**Required work:** Copy out the whole listing exactly as given. Skip the pictures.

**Information supplied:**
[Start of Attachment]
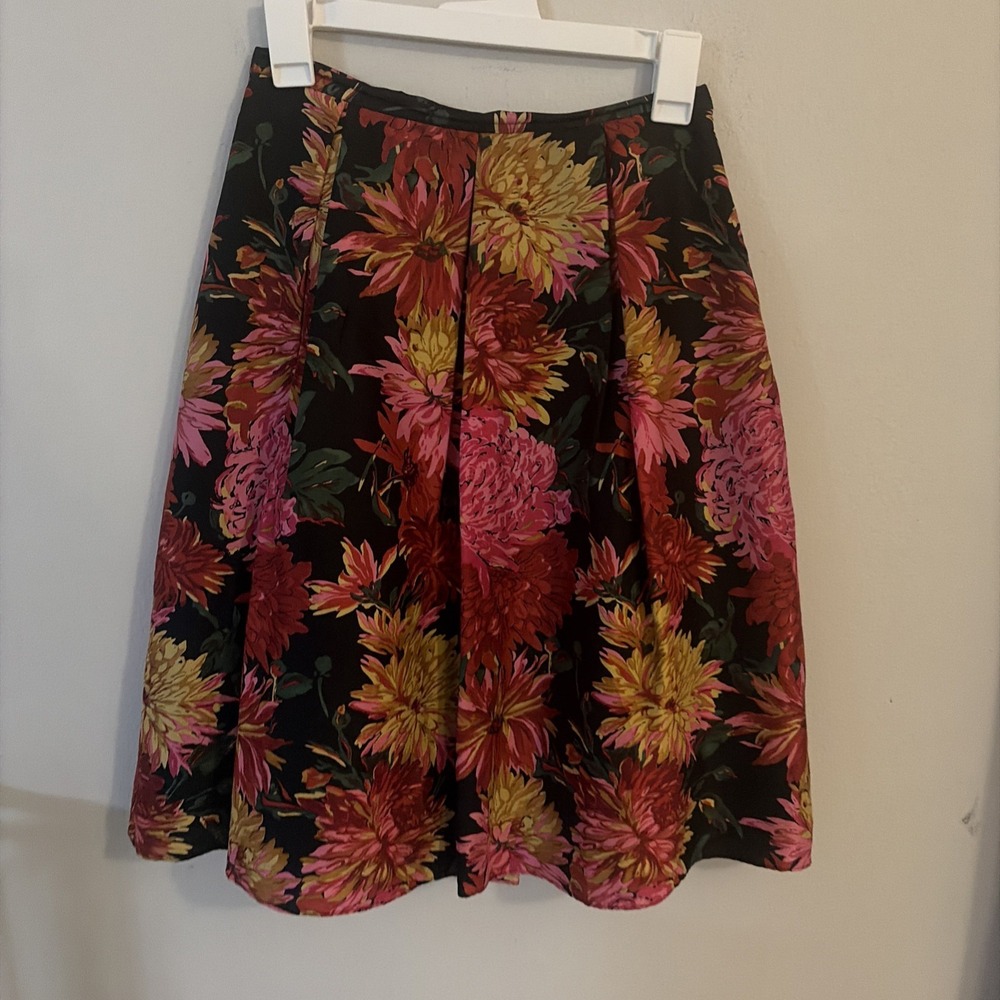 Talbots Pure Silk Floral Peony Dahlia Size 2 Petites Pleaded Fully Lined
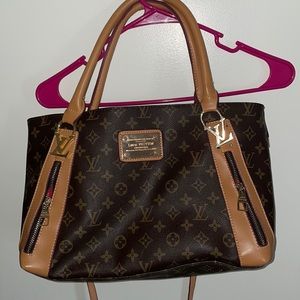 FAUX Louis Vuitton purse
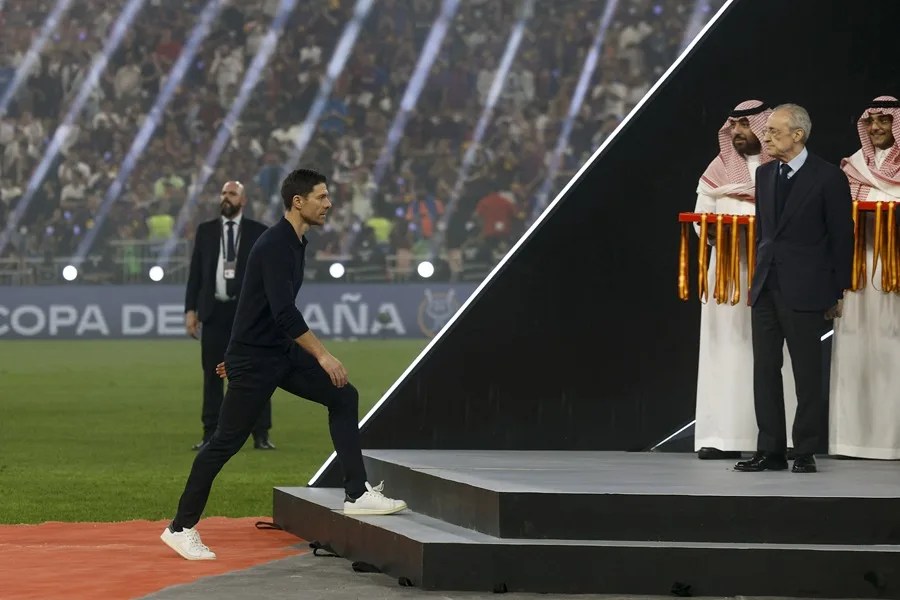 Xavi Alonso, antes de recibir la medalla como subcampeones de la final de la Supercopa de España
[End of Attachment]
**Your solution:**
 Talbots Pure Silk Floral Peony Dahlia Size 2 Petites Pleaded Fully Lined
 FAUX Louis Vuitton purse
 Xavi Alonso, antes de recibir la medalla como subcampeones de la final de la Supercopa de España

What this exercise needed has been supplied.